Drexel coach Brian Voelker reached out to IL to share his thoughts on the early recruiting trend. Below, is his Op-Ed on the issue. Voelker has been coach at Drexel since 2009 and led the Dragons to their first NCAA Tournament appearance last season. He has been head coach at Penn and in MLL, as well as an assistant at Princeton and Johns Hopkins. He was an All-American at Johns Hopkins and an All-World defensemen, and he has played in both MLL and the NLL. He has been a strong voice on recruiting issues within the IMCLA.
This is for high school lacrosse players and their parents. Please help stop the madness!
Everybody complains about early recruiting, but it’s getting worse. Everyone knows that kids shouldn’t decide where they are going to college in their freshman or sophomore year of high school, but coaches and kids and parents keep pushing up the timeline.
I personally think the kids should attend their junior prom before making a decision. We all know that’s not the reality in DI men’s lacrosse. The college coaches can’t or won’t stop, club coaches keep telling me about the next great player on their middle school team, IL keeps posting the list of the Top 100 first graders (some who are planning on re-classifying) and everybody keeps complaining.
You have the power to put some sanity back in this process. You can help put a stop to this craziness by refusing to agree to our timeline. You can tell a coach that you or your son are not ready to commit, or you may commit and then continue to look at other options.
I know it’s hard not to get caught up in this whole thing, but ask yourself if you or your son are ready to make this monumental decision. I have a 15-year-old son at home, and he couldn’t choose a college if it fell on his head. He’s not ready. I wouldn’t let anyone sweet talk him or bully him into making a decision, even if it’s a great place that is dangling a “spot” for him. He wouldn’t know what he wants, and my wife and I wouldn’t know what the right fit is. The decision shouldn’t be made because a teammate just did it, or because a college coach told you “he was running out of spots”, or to get on a list in some magazine.

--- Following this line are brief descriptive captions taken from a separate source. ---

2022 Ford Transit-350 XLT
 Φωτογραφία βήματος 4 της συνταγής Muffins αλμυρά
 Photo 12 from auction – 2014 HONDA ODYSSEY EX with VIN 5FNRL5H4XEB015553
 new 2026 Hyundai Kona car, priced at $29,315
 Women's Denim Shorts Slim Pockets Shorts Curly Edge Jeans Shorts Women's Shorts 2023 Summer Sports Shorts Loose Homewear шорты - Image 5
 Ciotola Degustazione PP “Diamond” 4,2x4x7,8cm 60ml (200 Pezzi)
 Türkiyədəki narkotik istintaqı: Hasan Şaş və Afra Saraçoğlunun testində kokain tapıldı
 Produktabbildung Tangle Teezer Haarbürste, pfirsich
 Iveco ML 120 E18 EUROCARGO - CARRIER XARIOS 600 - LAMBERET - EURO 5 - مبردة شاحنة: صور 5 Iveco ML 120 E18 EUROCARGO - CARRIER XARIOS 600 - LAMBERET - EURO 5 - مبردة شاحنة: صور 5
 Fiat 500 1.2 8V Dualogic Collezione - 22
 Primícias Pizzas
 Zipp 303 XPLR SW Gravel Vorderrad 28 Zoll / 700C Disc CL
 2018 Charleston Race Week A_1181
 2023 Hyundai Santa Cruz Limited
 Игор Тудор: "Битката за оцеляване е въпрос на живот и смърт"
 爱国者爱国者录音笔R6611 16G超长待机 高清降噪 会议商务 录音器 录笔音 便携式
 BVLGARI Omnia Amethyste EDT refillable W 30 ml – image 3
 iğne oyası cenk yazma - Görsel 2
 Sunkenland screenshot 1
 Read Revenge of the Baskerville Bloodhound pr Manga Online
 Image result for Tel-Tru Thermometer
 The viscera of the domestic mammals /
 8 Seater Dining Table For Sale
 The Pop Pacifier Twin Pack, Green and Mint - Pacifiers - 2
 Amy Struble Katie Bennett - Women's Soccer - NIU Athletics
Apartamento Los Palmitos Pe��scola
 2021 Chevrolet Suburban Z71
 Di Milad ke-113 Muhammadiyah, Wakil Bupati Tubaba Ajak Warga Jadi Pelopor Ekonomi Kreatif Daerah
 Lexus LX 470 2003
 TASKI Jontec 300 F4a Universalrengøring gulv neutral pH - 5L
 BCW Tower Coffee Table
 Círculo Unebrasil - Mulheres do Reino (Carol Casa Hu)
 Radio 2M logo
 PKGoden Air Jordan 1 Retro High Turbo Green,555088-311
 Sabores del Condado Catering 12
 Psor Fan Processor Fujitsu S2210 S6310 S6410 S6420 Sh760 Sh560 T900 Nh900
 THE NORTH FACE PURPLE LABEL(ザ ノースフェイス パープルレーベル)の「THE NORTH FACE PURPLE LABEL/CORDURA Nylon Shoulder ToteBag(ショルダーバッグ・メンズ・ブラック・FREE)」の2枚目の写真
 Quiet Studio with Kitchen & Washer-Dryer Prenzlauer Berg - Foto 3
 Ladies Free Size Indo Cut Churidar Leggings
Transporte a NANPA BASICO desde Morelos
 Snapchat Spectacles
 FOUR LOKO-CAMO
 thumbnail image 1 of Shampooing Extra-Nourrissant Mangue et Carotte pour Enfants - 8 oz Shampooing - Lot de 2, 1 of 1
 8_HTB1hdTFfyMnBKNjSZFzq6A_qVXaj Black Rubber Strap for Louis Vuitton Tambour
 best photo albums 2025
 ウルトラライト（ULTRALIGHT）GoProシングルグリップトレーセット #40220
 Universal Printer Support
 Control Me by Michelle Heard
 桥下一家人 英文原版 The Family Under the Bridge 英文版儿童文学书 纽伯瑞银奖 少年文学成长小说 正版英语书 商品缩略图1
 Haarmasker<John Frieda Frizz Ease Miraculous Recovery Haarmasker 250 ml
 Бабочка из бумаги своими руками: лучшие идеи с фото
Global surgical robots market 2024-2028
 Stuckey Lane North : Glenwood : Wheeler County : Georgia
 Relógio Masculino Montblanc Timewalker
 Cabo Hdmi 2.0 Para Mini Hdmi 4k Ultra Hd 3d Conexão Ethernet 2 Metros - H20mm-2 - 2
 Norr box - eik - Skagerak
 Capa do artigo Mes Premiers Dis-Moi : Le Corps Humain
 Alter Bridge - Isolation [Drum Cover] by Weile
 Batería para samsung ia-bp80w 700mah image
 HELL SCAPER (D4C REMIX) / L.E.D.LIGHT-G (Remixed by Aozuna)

I know it’s hard for a young kid not to get enamored with talking to or meeting coaches who tell them how good they are, and how perfectly they would fit in their program. But let’s be honest, nobody can know if any of that is going to be true three and four years out. It’s easy for kids to fall in love with a locker room or the cool equipment our teams wear. But can a freshman or sophomore in high school figure out the really important stuff on these visits? I don’t think so.
I know it’s hard for the parents. Someone is offering your son that spot, that chance to play, that chance to go to that great school. Is that a good thing if your son doesn’t know what he wants to study, or who his teammates are going to be, or how many are ahead of him on the depth chart, or (and this is a tough one) how good your son is really going to be? There has to be a reason that most high school kids wait and make this decision when they are seniors.
A lot of promises are made in this process. Make sure you know what committing means. Make sure you or your son can definitely get into the school, make sure you are clear on the scholarship amount, make sure there’s still a commitment if the coach leaves or is fired. The farther out this process happens, the higher the chances that something gets screwed up.
You ask, “What should I do?” Here’s my advice. Do what’s best for you or your son. Just because we as college coaches are putting some arbitrary deadline on when you need to choose a school, it doesn’t mean you have to go along with it.
Again: You can help put a stop to this craziness by refusing to agree to our timeline. That could mean telling a coach you or your son are not ready to commit or it may be by committing and then continuing to look at other options. Both are tough to do, but we as college coaches are putting you in this position.
It is your right and duty to do what is best for you or your son. Taking the time to figure out what school is best for you and your son should be the priority. The excitement of committing to a college a year or two after finishing middle school can turn into disappointment when you realize it’s not the right fit.